Vassar has since 1861 been a bold and pioneering institution of higher education. It is a place that aspires to set the bar for the liberal arts and demonstrate the very best environment in which to work, study and live. We know from decades of research that the culture of an organization matters to the quality of learning, and hence, I take great interest in how each of us influences the social and intellectual fabric of this place we and our alumnae/i have called home.
Last week’s event in which students chanted at an invited speaker was unacceptable. The student leadership had committed to upholding our practices of peaceful protest, including not disrupting the speaker. They broke that promise. Furthermore, protestors chose a chant that can be understood to be calling for the eradication of the State of Israel and is highly intimidating to Israelis and Jews, and directed it to an Israeli speaker discussing his perspective on Indigenous Jews. In the days following the incident, I have spent time speaking with and learning from students, faculty, alumnae/i and experts in the field, and I now believe the use of the chant—in this way, directed at this speaker—crossed the line into anti-Semitism. We have begun our adjudication processes, which by federal law are confidential.

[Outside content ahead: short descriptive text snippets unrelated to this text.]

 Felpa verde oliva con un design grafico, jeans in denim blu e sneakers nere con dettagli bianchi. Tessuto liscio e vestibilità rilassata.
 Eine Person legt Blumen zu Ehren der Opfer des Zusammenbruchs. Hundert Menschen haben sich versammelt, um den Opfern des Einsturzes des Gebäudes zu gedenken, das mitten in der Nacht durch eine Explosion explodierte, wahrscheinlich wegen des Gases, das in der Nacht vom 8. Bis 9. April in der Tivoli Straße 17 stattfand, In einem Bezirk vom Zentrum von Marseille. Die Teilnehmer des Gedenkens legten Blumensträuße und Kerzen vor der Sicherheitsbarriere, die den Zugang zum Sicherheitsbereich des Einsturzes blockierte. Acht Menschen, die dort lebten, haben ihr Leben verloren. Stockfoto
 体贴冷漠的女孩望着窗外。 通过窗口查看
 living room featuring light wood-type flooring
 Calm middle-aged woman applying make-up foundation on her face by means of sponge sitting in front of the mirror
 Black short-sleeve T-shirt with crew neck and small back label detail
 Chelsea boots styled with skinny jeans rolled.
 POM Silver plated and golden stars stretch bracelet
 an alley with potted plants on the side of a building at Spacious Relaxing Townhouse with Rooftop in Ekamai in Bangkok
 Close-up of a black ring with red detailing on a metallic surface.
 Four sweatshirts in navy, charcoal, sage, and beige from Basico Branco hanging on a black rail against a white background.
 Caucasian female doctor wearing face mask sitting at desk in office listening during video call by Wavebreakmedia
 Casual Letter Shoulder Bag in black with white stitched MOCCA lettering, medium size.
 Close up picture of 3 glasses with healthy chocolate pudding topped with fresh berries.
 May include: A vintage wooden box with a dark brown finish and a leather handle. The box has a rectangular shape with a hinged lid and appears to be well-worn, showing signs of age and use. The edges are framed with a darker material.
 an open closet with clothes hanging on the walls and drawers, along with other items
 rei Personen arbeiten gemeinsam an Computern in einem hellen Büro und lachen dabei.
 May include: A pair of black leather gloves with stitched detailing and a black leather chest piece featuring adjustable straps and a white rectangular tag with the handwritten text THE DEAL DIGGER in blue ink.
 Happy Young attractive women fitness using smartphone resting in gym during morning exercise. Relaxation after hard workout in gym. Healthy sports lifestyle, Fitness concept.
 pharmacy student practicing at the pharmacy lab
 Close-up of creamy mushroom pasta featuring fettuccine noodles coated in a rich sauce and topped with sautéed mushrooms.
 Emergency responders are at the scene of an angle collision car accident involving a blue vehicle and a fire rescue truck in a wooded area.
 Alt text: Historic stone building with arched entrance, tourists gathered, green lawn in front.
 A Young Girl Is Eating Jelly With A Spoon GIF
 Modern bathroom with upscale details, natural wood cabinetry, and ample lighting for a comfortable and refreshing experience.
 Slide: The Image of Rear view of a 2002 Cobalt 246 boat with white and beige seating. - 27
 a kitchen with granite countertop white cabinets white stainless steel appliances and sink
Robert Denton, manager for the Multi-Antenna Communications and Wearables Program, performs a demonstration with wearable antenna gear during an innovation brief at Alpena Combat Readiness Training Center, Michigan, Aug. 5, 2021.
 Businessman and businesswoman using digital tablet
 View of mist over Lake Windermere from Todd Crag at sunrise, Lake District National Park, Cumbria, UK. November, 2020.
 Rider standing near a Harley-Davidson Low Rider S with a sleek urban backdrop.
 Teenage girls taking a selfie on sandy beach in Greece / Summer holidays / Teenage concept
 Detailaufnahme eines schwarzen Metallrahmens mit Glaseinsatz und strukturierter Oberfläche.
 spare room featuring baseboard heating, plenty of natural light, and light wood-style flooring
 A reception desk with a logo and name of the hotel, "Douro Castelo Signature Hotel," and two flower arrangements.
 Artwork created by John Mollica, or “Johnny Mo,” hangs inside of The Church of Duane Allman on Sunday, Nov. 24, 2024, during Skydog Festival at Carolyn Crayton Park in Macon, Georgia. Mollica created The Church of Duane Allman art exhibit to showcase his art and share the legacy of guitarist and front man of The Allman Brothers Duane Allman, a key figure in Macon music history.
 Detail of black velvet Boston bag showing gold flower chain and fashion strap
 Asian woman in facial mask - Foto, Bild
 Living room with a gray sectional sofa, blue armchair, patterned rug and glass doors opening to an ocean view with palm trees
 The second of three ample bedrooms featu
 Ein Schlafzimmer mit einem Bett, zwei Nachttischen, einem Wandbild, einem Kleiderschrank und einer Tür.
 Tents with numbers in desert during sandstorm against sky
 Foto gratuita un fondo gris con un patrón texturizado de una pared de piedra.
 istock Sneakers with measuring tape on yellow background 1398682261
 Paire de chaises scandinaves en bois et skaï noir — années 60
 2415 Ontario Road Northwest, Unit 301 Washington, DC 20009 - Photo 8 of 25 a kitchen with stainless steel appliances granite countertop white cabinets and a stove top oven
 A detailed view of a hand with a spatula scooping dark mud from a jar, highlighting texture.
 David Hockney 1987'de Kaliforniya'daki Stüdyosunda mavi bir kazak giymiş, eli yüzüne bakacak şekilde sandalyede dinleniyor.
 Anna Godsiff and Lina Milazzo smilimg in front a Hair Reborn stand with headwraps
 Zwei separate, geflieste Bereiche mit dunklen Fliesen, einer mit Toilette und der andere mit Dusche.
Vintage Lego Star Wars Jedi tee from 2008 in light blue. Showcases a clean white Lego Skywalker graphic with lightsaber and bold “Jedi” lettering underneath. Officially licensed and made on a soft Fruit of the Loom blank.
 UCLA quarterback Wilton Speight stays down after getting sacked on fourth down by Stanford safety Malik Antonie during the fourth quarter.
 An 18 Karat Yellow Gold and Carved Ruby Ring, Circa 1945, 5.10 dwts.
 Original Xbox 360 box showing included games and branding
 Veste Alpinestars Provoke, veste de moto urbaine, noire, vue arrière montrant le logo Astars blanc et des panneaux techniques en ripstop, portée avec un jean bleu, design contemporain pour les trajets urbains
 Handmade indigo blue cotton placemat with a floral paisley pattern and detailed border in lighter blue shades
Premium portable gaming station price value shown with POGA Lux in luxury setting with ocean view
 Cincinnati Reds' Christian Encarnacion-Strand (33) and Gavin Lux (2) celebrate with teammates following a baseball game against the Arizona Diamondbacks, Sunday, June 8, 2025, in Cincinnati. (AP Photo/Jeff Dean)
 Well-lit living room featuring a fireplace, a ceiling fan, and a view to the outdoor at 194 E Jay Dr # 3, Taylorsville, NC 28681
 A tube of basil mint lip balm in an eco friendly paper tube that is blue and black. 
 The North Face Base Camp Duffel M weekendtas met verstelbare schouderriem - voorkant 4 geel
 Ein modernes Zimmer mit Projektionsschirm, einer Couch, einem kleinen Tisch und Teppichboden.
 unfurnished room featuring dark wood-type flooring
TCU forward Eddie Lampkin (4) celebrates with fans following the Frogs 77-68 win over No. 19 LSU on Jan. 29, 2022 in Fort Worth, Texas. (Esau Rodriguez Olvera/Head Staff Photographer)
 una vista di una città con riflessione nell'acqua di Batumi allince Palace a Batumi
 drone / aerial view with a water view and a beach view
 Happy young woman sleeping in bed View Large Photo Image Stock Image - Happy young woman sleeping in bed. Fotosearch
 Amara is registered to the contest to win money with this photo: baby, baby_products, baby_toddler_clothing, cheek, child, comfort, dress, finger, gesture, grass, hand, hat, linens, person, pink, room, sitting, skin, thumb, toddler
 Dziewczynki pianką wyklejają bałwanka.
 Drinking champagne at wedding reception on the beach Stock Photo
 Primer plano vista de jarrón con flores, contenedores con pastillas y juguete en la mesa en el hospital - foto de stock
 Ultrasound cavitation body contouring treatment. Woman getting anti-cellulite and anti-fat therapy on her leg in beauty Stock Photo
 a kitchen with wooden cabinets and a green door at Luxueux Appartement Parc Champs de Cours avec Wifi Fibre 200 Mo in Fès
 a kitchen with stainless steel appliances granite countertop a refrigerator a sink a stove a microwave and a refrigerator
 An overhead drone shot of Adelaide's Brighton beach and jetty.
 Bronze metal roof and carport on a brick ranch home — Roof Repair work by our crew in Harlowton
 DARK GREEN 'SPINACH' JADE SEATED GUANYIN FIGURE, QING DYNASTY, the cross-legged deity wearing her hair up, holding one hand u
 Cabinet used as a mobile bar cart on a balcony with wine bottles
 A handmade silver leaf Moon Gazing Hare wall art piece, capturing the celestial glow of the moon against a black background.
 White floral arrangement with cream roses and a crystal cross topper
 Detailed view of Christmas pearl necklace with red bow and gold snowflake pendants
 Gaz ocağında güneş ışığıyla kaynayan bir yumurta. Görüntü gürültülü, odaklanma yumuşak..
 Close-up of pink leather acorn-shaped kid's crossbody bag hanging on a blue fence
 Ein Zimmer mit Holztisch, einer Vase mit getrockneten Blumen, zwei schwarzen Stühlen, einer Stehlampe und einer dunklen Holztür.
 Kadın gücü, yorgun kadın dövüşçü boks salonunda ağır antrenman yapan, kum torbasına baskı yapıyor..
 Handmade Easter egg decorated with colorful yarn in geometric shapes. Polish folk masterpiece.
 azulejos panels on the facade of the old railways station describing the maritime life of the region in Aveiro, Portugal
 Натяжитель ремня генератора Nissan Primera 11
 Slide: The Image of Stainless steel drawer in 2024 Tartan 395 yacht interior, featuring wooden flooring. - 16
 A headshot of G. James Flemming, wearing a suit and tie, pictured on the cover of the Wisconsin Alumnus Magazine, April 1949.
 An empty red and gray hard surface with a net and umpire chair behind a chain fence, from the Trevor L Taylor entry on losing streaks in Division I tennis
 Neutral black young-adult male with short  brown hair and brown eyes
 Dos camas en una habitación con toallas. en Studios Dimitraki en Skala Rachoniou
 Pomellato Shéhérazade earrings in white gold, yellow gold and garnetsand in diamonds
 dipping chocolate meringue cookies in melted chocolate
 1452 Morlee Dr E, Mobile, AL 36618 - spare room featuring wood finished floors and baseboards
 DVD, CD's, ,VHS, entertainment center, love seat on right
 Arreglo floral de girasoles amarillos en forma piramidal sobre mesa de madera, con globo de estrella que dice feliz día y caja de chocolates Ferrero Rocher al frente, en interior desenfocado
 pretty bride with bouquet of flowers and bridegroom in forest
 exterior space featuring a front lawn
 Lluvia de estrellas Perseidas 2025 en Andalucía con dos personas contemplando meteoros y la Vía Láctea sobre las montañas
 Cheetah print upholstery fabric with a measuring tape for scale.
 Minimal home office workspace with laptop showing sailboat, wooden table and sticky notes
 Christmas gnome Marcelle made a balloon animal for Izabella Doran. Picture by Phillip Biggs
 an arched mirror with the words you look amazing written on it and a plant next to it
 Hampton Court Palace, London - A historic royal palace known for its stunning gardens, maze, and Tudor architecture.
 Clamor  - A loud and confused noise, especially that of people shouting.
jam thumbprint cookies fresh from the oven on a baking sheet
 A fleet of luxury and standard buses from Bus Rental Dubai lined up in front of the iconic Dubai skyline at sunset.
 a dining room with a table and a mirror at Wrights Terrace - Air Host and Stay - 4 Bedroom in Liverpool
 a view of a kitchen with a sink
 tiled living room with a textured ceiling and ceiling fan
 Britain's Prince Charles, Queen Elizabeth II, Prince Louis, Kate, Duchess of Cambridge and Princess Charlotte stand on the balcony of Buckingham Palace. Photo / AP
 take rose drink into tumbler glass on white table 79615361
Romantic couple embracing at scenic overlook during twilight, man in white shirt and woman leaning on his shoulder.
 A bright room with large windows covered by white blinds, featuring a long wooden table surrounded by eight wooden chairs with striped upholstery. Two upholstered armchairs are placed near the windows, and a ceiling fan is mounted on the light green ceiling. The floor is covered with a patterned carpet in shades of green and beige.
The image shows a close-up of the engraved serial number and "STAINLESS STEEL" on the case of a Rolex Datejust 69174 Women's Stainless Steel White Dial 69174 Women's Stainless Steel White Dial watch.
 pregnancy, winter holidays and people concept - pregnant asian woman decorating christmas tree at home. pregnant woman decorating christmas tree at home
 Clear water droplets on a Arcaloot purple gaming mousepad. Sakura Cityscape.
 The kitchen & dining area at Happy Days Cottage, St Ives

On this campus, we do not tolerate anti-Semitism, hate speech or discrimination of any kind. I am grateful that after the 15-minute disruption, the invited speaker was able to continue and deliver his presentation to an engaged audience of students, faculty and administrators.
To sustain the intellectual community that is Vassar, we support an environment and structures in which free speech flourishes. Even controversial discussions will best confer learning and understanding when they are free from discrimination of all kinds.